▶ [TASK BRIEF]
Copy exactly, no pictures: every line from the one that contains "Ladies Large knitted" through the end of the entries below.

▶ [TASK INPUT]

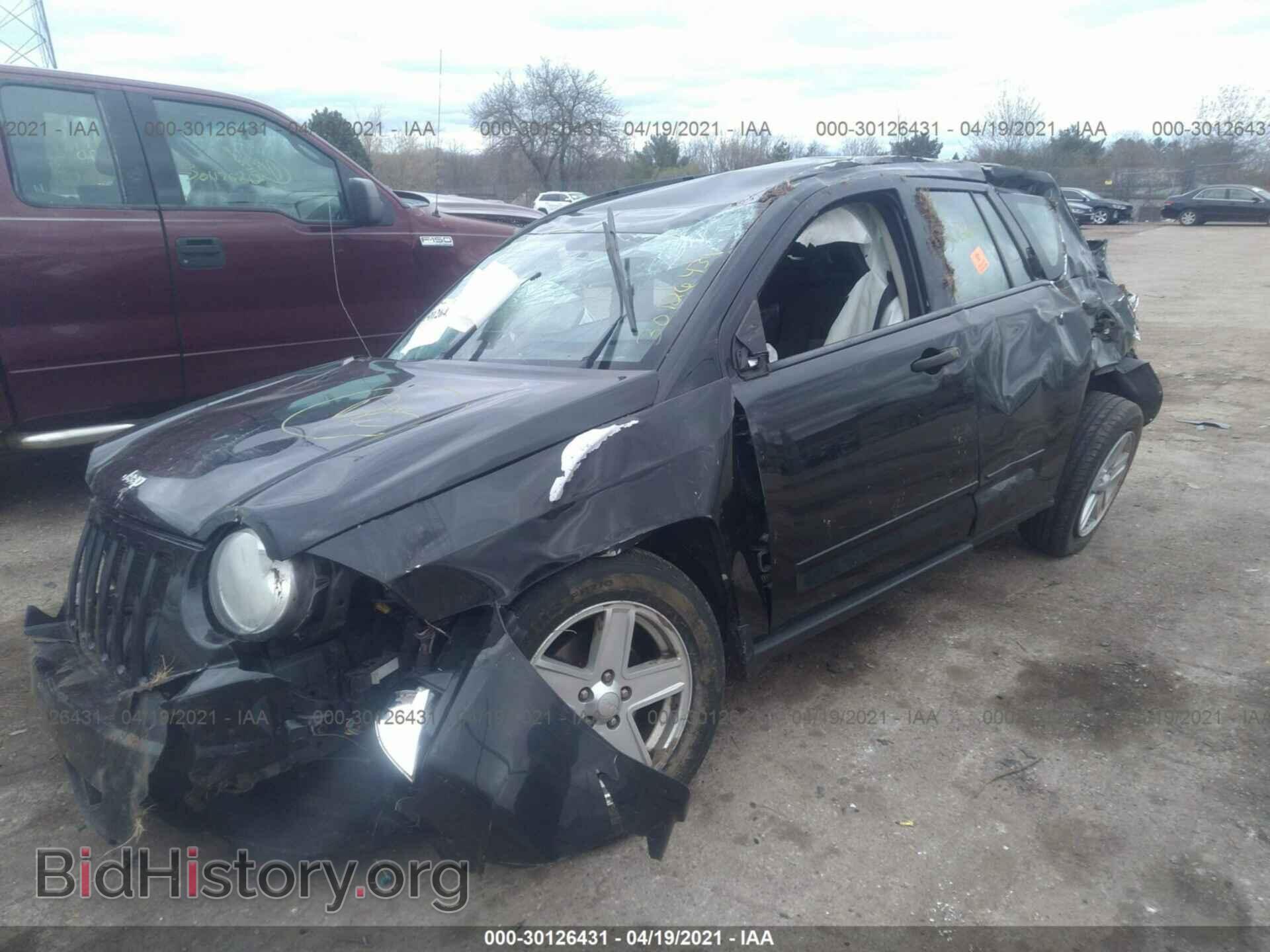 2008 JEEP COMPASS - VIN: 1J8FT47048D777051 - Фото 2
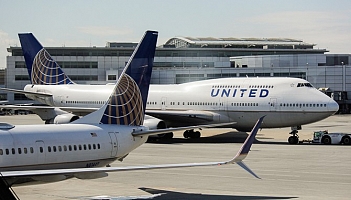 United wraca na lotnisko przy fabryce Boeinga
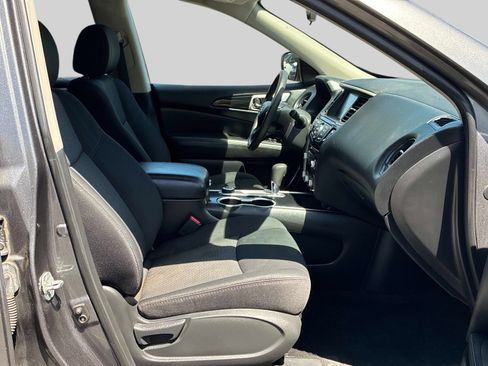 Used 2018 Nissan Pathfinder S AWD/4WD image 7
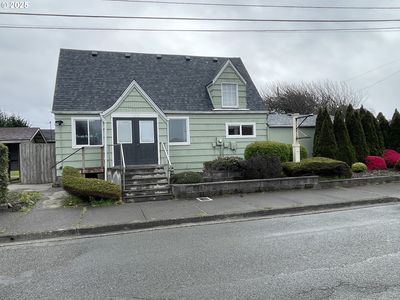 188 12th St SE, Bandon, OR, 97411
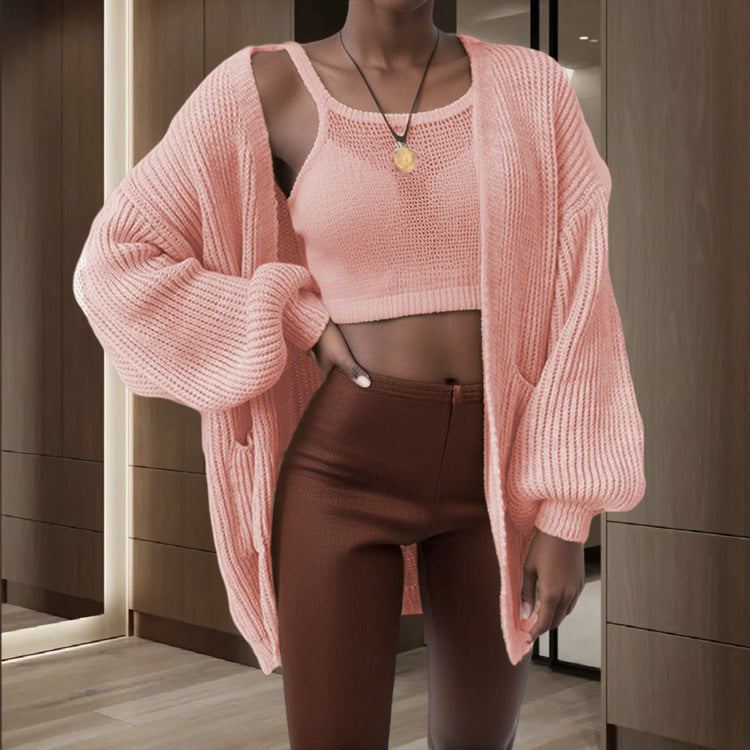 Ladies Large knitted jacket with voluminous sleeves and practical pockets Lune London
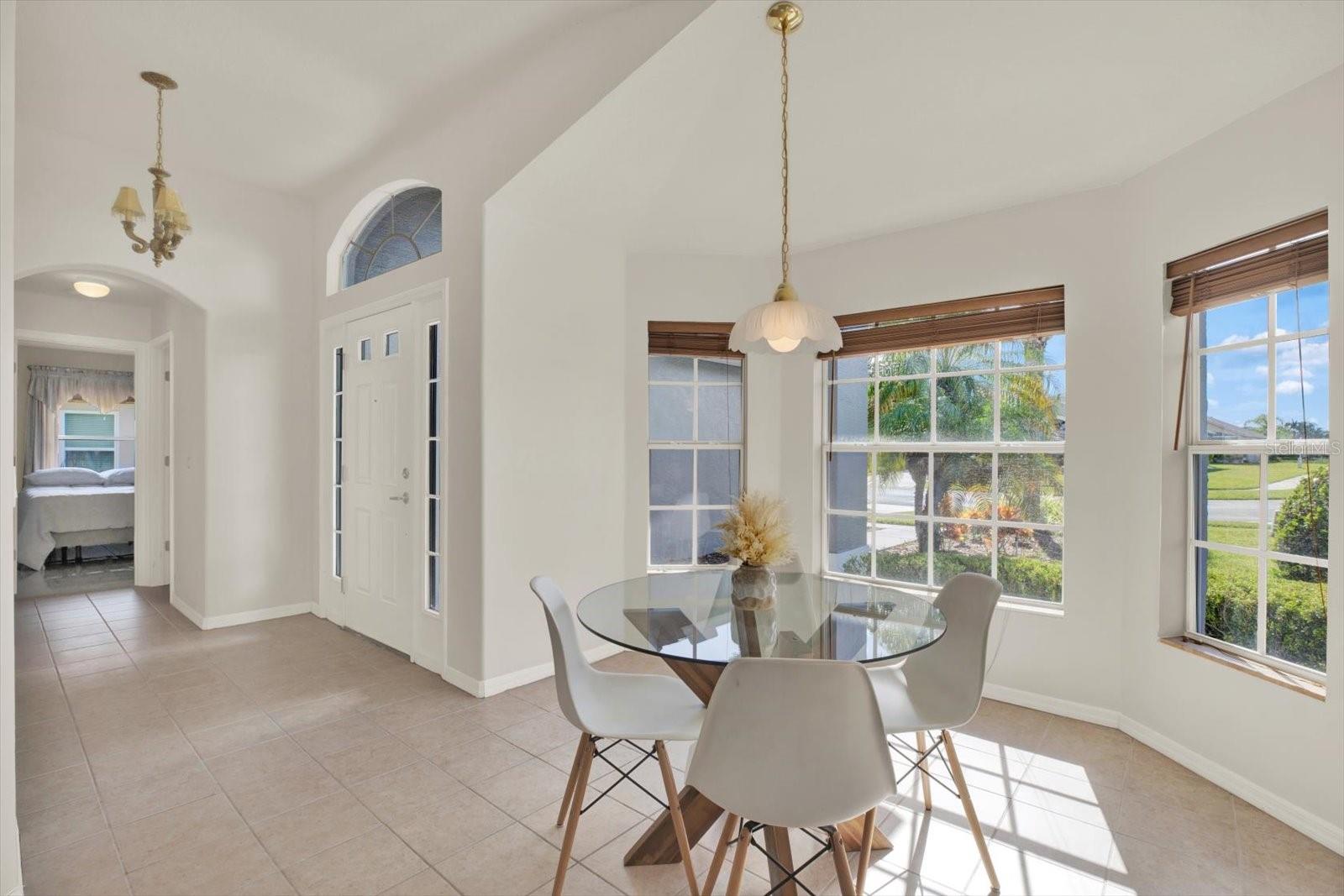 1851 ARBOR KNOLL LOOP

▶ [ANSWER FOR THIS EXERCISE]
 Ladies Large knitted jacket with voluminous sleeves and practical pockets Lune London
 1851 ARBOR KNOLL LOOP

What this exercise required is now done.